四旬節第5主日 2020年3月29日

第1朗読 エゼキエル書 37章12~14節

第2朗読 ローマの信徒への手紙 8章8~11節

福音朗読 ヨハネによる福音書 11章1~45節

 

朗読箇所のテキスト(女子パウロ会公式サイト) 

 

<お話の要約>

また動画の発信を続けます。今回は四旬節第5主日になります。ヨハネによる福音の一つの特徴は、「奇跡」は普通は力の技と呼ばれていますが、ヨハネはそれを「しるし」と呼んでいます。というのは、ヨハネは特にキリストの行なわれた奇跡の意味を強調したいわけです。今日の福音書は、イエスの一つの奇跡、ラザロを生き返らせ蘇らせた奇跡について語っています。

 

ラザロは亡くなって4日も経っていたのに、蘇らせ生き返らせた。それはキリストご自身の復活のことも指している。マルタに説明している通り、「わたしは復活であり、命である。」それはこの奇跡の大事な意味。教会としてはこの奇跡に他の意味もみているが、それは二段階に分かれている。黙示録に書かれているように、第一の死と第二の死、第一の復活と第二の復活と表現する。第一の復活というのは、人間が罪によって死んだ状態から恵みによって生き返らせていただくことで、キリストを信じて洗礼を受けることも一つの復活。

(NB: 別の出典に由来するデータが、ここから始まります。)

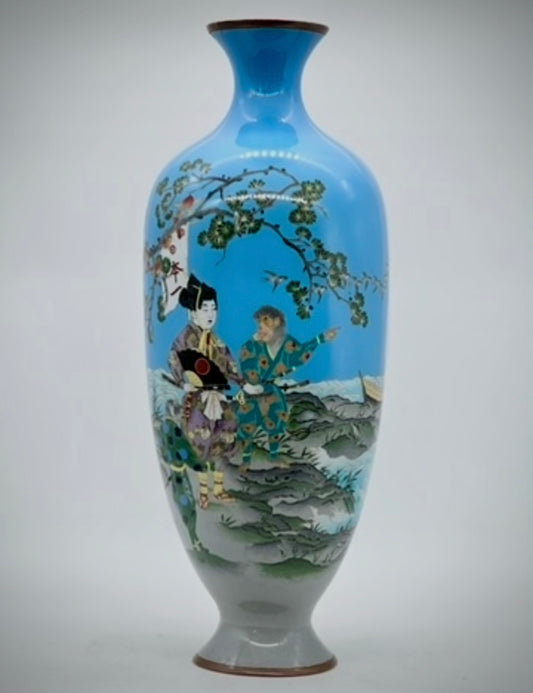 A Large Impressive Japanese Cloisonné Enamel Vase with the Legend of Momotarō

そのあとの第一の死は肉体的な体の死のこと。第二の復活は、世の終わりにキリストに救われた者が復活するということ。第二の死は、永遠の命に入らないで最後の審判で地獄に落ちる人のこと。第二の復活と死は将来のことだが、私たちは恵みにとどまったら第二の復活に与ることになる。

 

この奇跡は今の私たちに一つの大事な教訓を与えている。キリストはラザロを生き返らせる時、まず御父に祈ったあとでラザロに向かって言われた。「出てきなさい」と。キリストは私たち一人一人にも言われている。私たちはラザロのように墓に入ってはいないけれど、精神的な意味で。「出てきなさい、あなたのわがままから。出てきなさい、あなたの自己中心的なところから。出てきなさい、あなたの不安と悩みから」。そういう言葉を主は私たちにもかけておられる。

 

そこには、もしかしたらマリア幼稚園のお母さんたちのような反応があるかもしれない。園長先生がお母さんたちに子育ての助言とか励ましの言葉をかけると、「わかってはいるけれどできない」という応えが返ってくる。葛藤している心は信仰の話も同じ。頭では賛成していても実際は簡単ではないと感じているかもしれない。ここでのもうひとつのポイントは、「ラザロ、出てきなさい」と言われたのはキリストだということ。他の人とは違って、キリストの言葉であること。それも勧めの言葉ではなくて、力の言葉を私たちに与える。

 

自分の力でできないことは主の力でできる。でもその前提として、私たちは主の力を求めているか、信じているか、信仰が試されるところ。マルタは信じますと言ったけれど、石を取り除きなさいと言われたら、もう匂いますと言ってイエスを信じなかった。

 

私たちも墓のような所にいて、どこまで信じるのか問われています。聖パウロは、「今、私たちは霊の支配下にいる。聖霊が与えられている」と言っています。それも一つ重要なところ。私たちはこの四旬節の歩みの中で、キリストの力強い言葉、聖霊の助けを、もっと強く深く信じるように呼ばれているのです。